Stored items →
━━━━━━

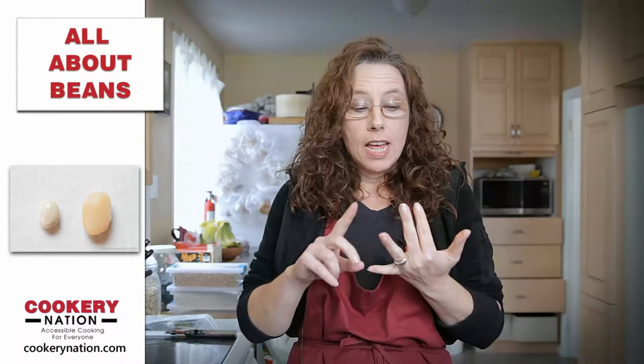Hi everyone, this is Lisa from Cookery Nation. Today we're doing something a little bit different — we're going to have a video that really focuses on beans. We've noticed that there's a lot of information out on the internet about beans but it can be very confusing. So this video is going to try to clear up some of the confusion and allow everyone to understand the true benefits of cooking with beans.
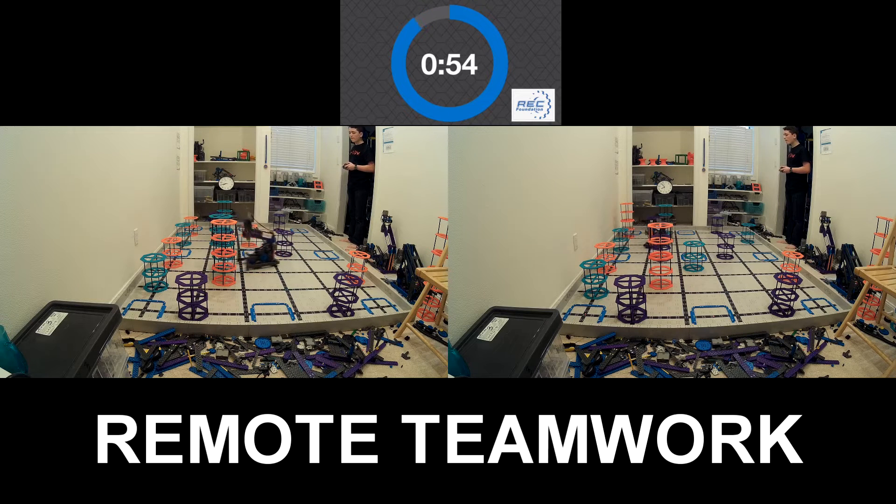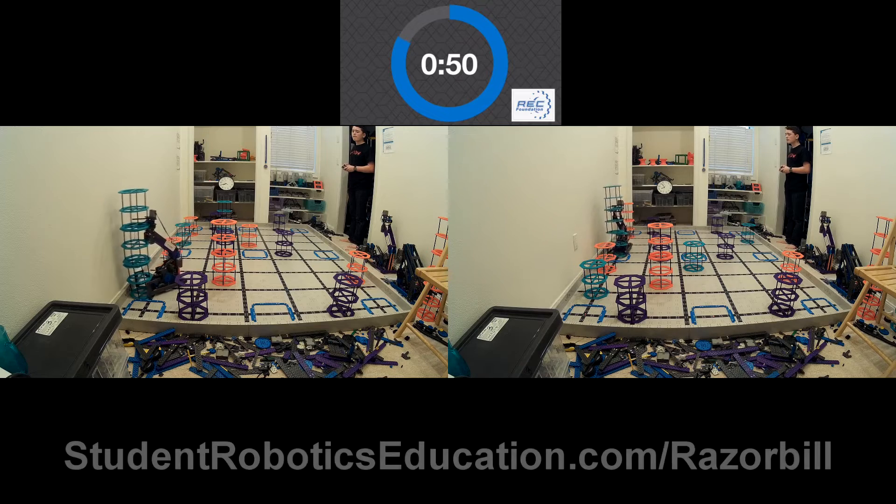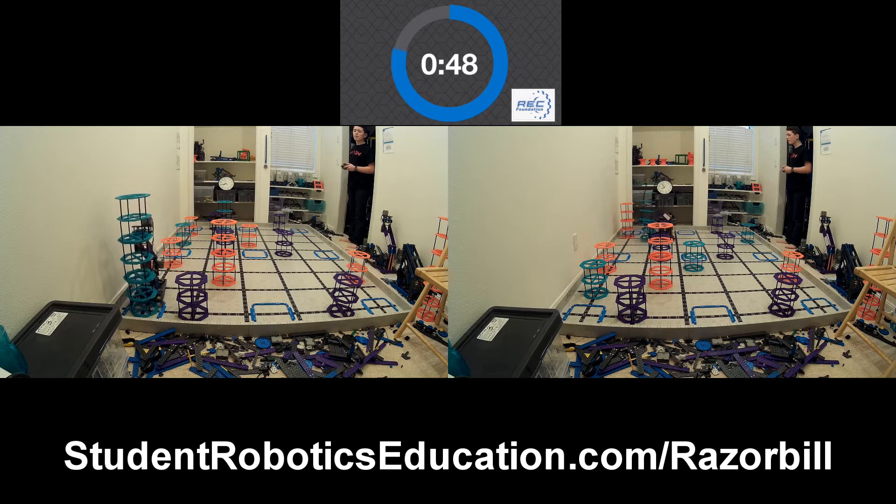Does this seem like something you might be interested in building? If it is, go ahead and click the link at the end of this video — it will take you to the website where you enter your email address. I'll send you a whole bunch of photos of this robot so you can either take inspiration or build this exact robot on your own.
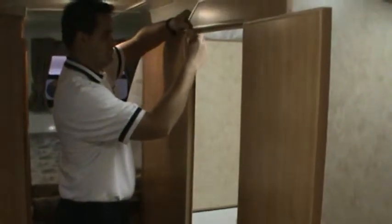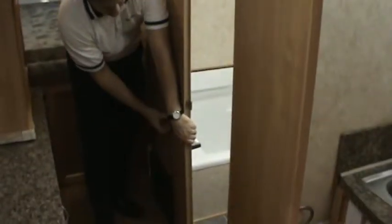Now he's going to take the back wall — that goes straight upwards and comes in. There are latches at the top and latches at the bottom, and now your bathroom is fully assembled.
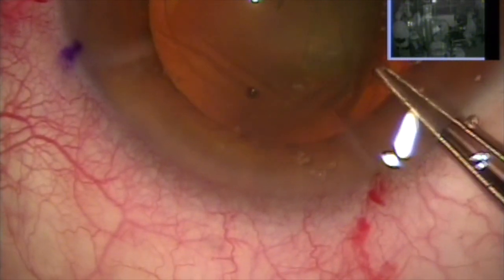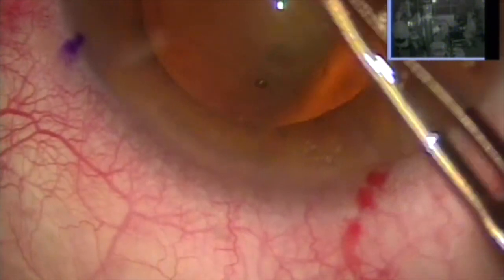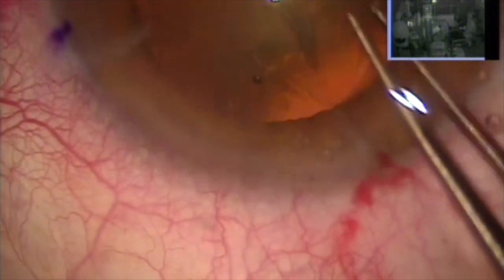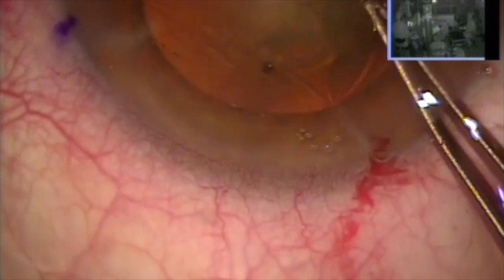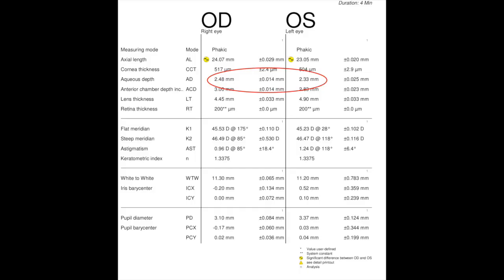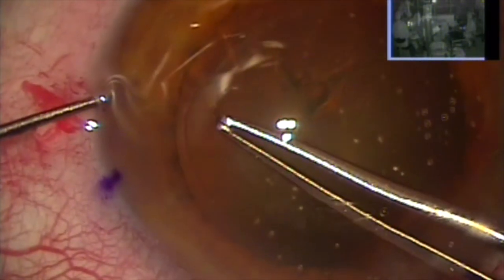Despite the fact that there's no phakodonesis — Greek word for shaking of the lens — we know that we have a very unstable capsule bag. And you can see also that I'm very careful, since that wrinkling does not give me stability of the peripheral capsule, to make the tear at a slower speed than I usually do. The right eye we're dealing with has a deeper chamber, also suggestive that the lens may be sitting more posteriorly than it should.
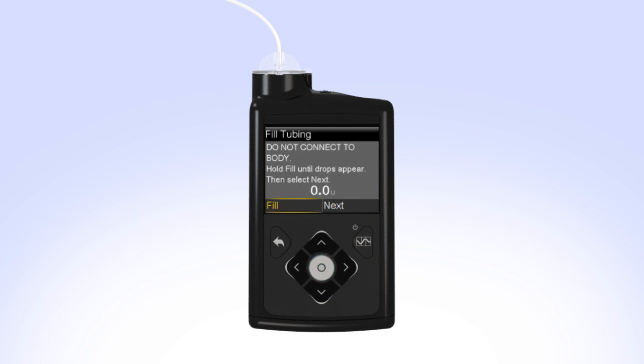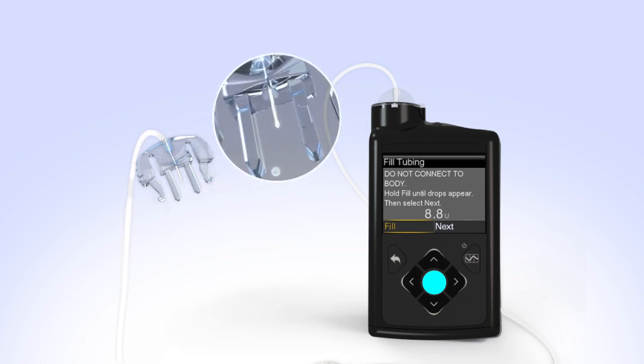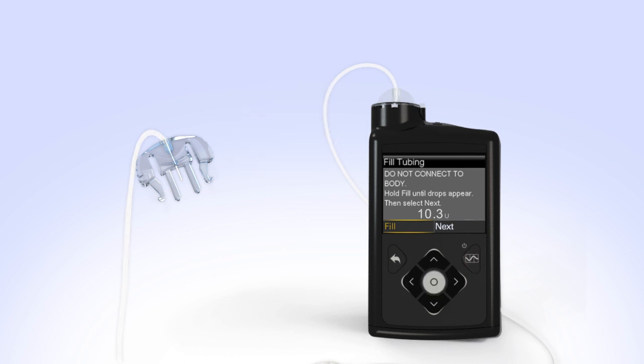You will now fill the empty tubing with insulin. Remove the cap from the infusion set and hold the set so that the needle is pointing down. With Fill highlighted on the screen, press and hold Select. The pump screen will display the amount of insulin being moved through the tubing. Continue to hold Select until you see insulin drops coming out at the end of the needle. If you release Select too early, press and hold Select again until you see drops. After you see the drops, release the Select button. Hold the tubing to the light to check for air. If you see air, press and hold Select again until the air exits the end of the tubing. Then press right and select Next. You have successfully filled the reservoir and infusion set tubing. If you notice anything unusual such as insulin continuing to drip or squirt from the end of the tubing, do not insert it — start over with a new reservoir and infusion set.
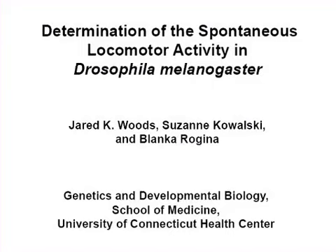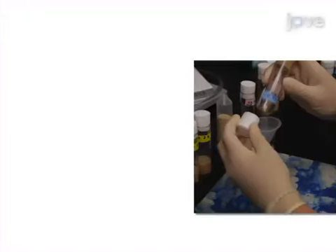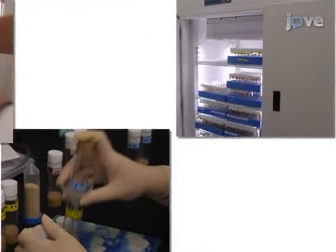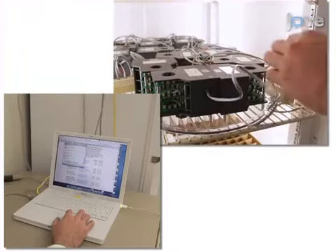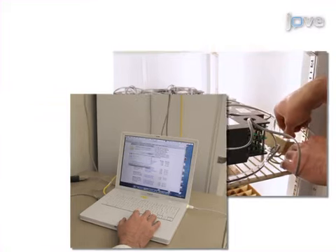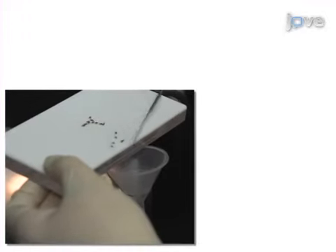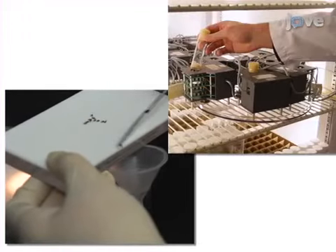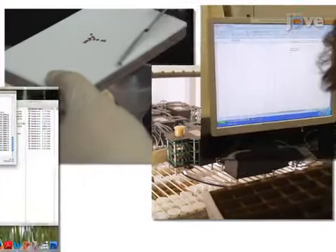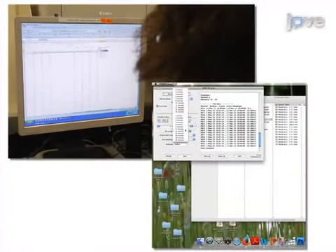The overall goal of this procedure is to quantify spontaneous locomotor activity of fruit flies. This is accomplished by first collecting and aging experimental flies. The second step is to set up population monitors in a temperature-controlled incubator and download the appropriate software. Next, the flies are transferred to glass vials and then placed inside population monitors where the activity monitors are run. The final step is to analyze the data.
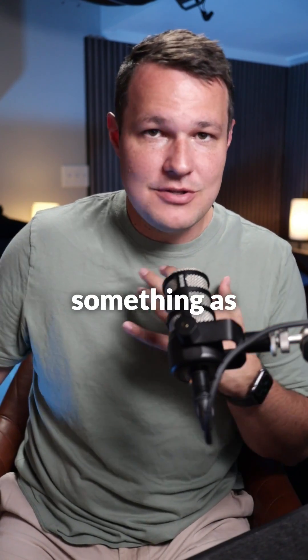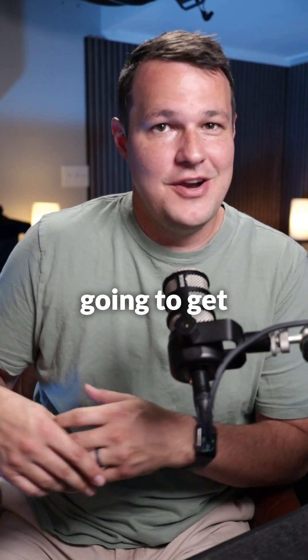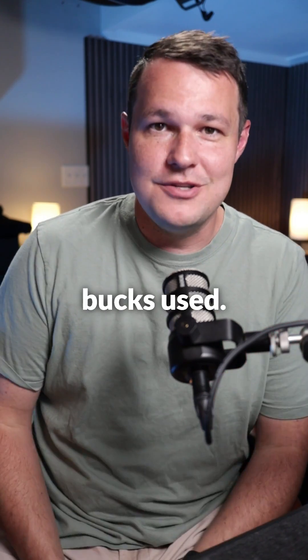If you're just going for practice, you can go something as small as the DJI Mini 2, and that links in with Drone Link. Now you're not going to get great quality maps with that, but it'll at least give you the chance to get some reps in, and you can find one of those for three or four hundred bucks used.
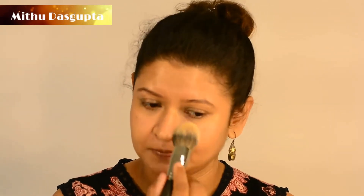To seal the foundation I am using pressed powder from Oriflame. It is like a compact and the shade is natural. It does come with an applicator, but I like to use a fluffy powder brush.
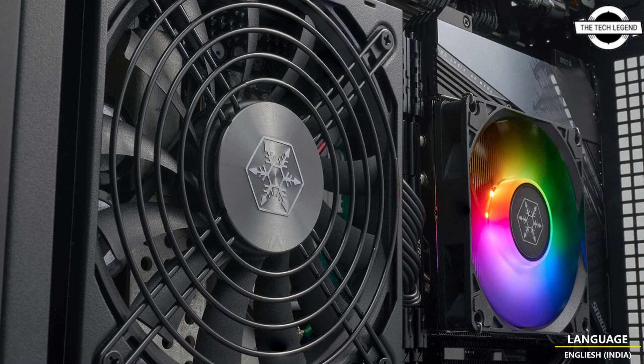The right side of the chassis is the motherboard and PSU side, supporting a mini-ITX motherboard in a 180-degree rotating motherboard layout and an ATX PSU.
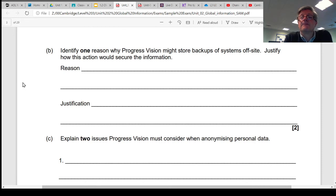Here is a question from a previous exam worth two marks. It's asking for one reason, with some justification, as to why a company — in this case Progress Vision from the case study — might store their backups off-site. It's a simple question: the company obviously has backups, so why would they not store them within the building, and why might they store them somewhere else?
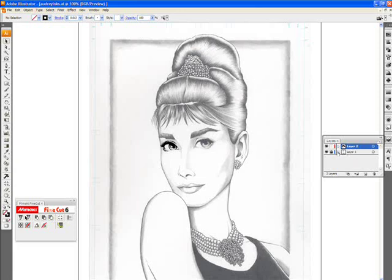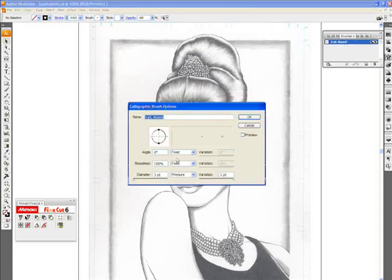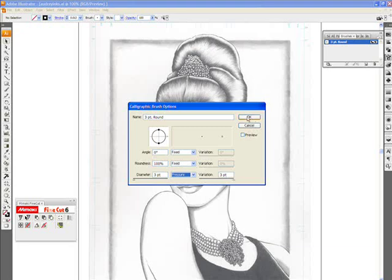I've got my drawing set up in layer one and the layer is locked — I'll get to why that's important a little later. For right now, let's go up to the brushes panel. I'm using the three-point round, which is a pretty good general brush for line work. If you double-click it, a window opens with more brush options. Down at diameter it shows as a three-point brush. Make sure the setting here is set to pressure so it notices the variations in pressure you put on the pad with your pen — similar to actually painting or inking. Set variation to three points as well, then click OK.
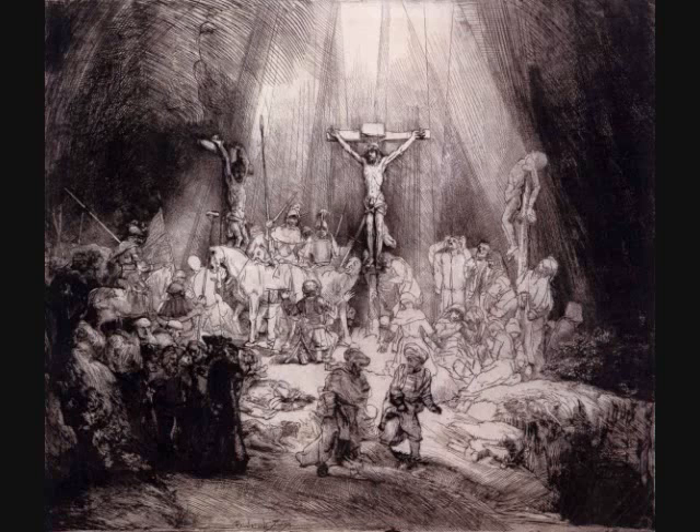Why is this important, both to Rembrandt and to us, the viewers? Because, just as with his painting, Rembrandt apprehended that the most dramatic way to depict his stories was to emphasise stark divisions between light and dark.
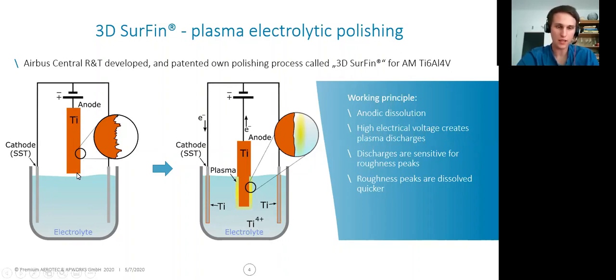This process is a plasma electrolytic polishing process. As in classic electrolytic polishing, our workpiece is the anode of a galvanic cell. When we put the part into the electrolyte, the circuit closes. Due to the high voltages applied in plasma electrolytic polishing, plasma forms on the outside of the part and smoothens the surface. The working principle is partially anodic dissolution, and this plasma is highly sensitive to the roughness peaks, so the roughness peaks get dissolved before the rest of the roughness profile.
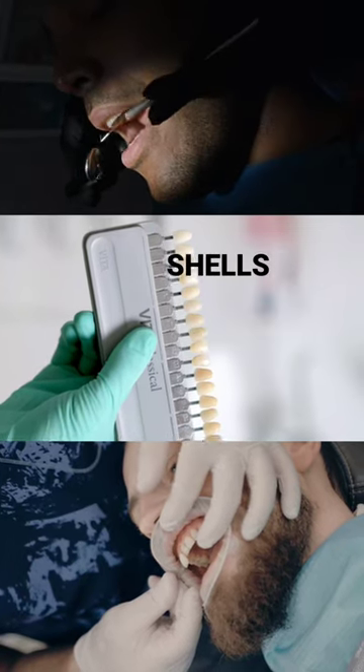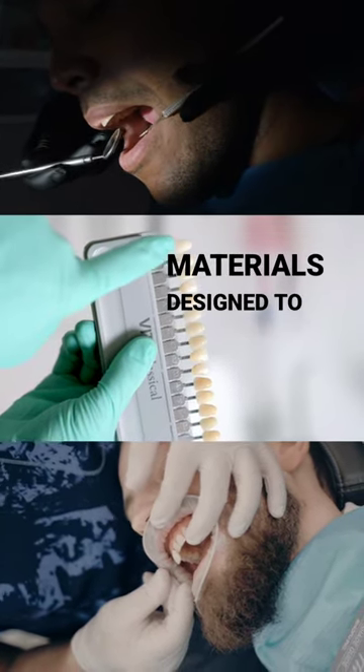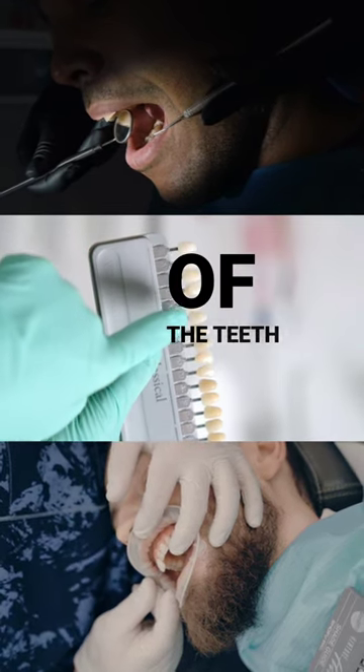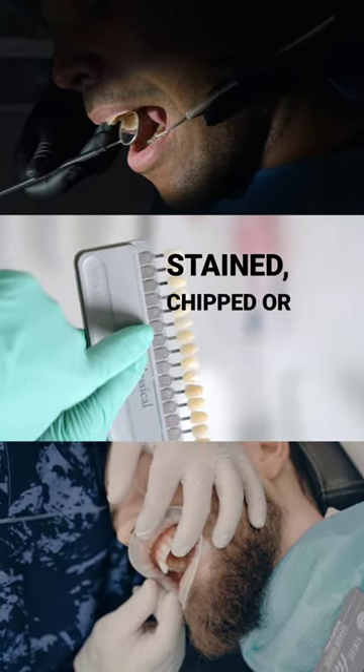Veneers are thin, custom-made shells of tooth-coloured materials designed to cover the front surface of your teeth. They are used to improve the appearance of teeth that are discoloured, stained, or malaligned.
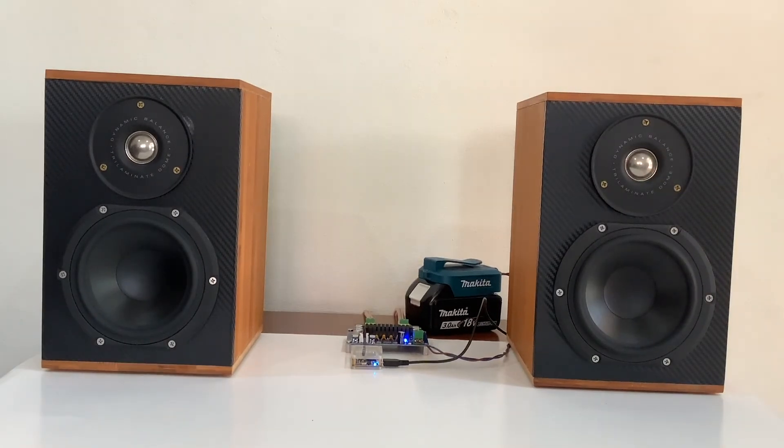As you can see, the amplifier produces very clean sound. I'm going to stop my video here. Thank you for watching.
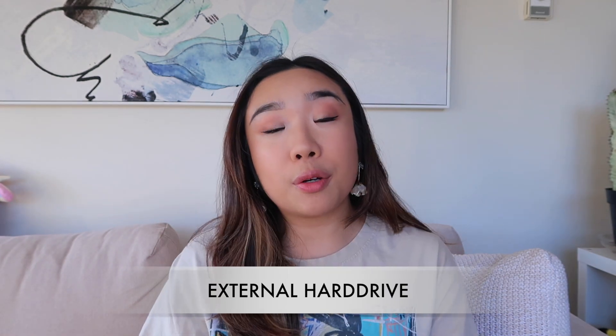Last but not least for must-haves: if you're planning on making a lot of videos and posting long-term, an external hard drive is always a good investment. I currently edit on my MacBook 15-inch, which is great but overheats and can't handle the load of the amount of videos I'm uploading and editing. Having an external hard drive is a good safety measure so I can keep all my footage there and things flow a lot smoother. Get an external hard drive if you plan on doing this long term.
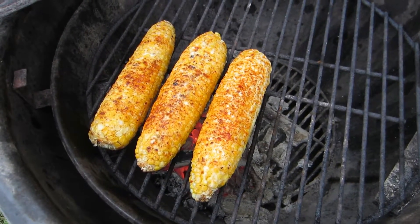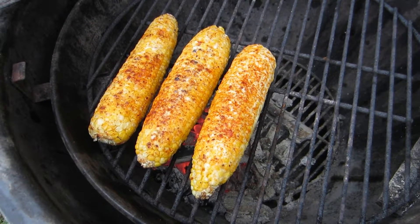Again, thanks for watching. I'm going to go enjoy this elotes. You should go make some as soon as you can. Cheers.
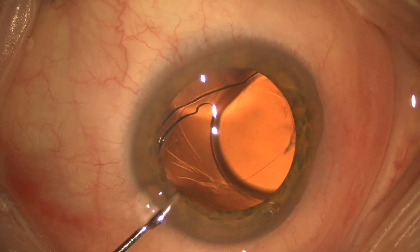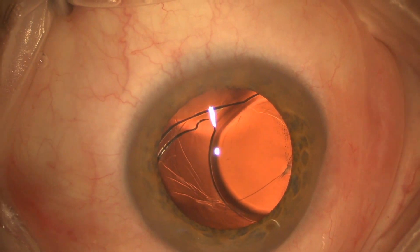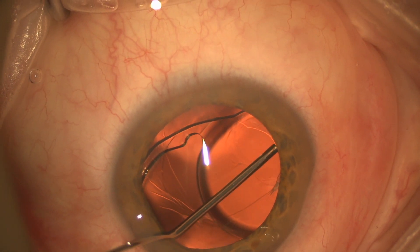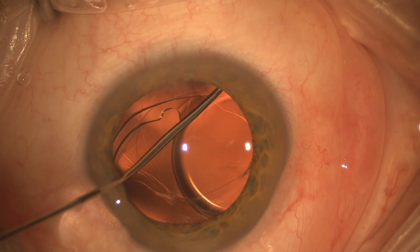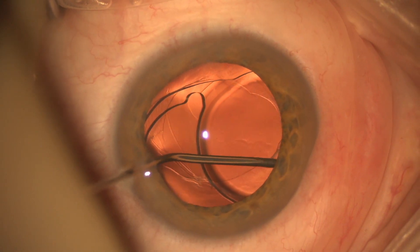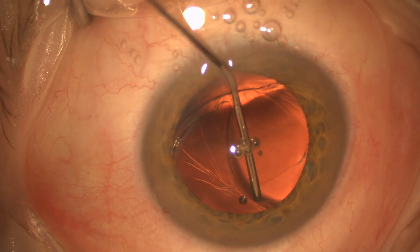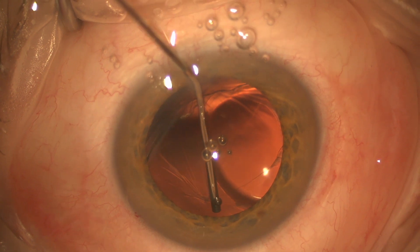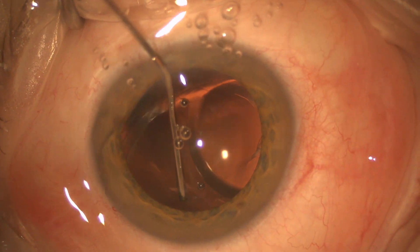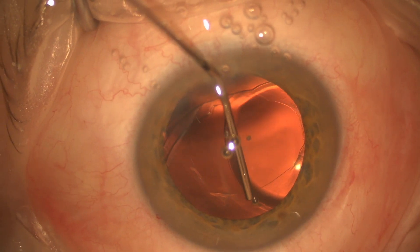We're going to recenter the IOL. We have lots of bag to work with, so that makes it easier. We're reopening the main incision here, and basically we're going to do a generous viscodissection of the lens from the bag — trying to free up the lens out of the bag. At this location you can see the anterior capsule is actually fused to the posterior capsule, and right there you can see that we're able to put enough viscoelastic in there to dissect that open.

━━━━━━

TASK DESCRIPTION →
Return exactly the lines that appear in the data above between the line containing "Veneers are thin, custom-made" and the line containing "As you can see, the", both of which are included, and leave the pictures out.

ANSWER BELOW →
Veneers are thin, custom-made shells of tooth-coloured materials designed to cover the front surface of your teeth. They are used to improve the appearance of teeth that are discoloured, stained, or malaligned.
As you can see, the amplifier produces very clean sound. I'm going to stop my video here. Thank you for watching.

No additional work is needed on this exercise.